Kami langsung turun menemui air laut di bibir pantai. Teman-teman pun bersemangat bermain air laut, mencari kerang atau kepiting atau kumang, tentunya sambil banyak-banyak membuat foto juga. Sesudah kenyang bermain di pantai, kami segera melanjutkan perjalanan, kali ini menyusur garis pantai ke arah timur. Keluar dari Rancabuaya kami mengambil jalur yang berbeda dengan jalur kedatangan, melewati padang rumput yang luas dengan pemandangan lepas ke laut selatan. Pemandangannya kok seperti di luar negeri ya..

Kami sempat berhenti sejenak di warung di seberang sebuah masjid besar, makan-minum seadanya sambil salat juga di masjid yang tampak mewah tapi ternyata sangat sepi dan kondisinya kurang terawat. Beberapa saluran air pun mati. Di warung, kami masih sempat bercanda dengan pasangan suami-istri pemilik warung dan dengan dua anak pemulung kemasan plastik. Walaupun malu-malu, kedua anak ini ikut larut juga berkumpul bersama kami.

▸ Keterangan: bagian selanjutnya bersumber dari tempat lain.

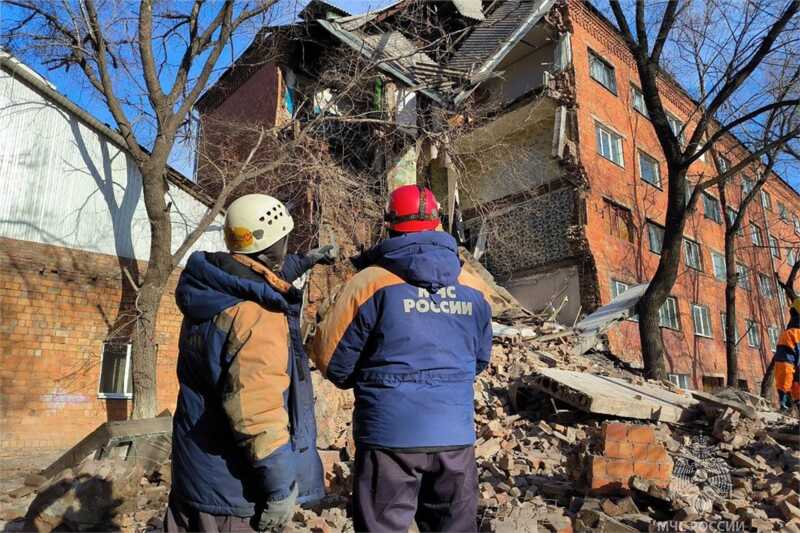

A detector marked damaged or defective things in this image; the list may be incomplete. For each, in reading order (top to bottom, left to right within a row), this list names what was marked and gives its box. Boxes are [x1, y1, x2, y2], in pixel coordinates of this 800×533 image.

Dari sini kami diarahkan untuk mengambil jalur pulang ke Bandung lewat Garut, tujuannya agar dapat mengalami daerah Gununggelap saat hari masih cukup terang. Katanya sih selama ini Komunitas Aleut selalu melewati kawasan itu saat hari sudah malam. Cerita tentang Gununggelap akan diberikan kemudian melalui grup whatsapp ADP-20. Baiklah..
Ternyta perjalanan melewati Gununggelap ya cukup menantang adrenalin, banyak melewati kawasan hutan juga. Sebelum keluar Gununggelap hari pun sudah ikut gelap. Kami masih berhenti sekali lagi di perbatasan Gununggelap untuk melaksanakan salat. Istirahat terakhir kami lakukan di ujung Lingkar Nagreg. Pada bagian akhir perjalanan ini udara terasa lebih dingin sampai menusuk tulang. Makanya perlu sedikit penghangat badan, terutama minuman panas. Pukul sebelas malam, kami semua tiba di sekretariat Komunitas Aleut. Badan terasa sangat lelah. Sebagian teman langsung menyeduh wedang yang tersedia agar tubuh kembali panas.
Perjalanan ini cukup melelahkan, terutama bagi saya yang baru pertama kali mengalaminya, namun juga menyenangkan dan banyak hal baru yang aku dapatkan. Ada banyak cerita dan pengalaman yang lucu juga. Terima kasih untuk perjalanannya, Aleut.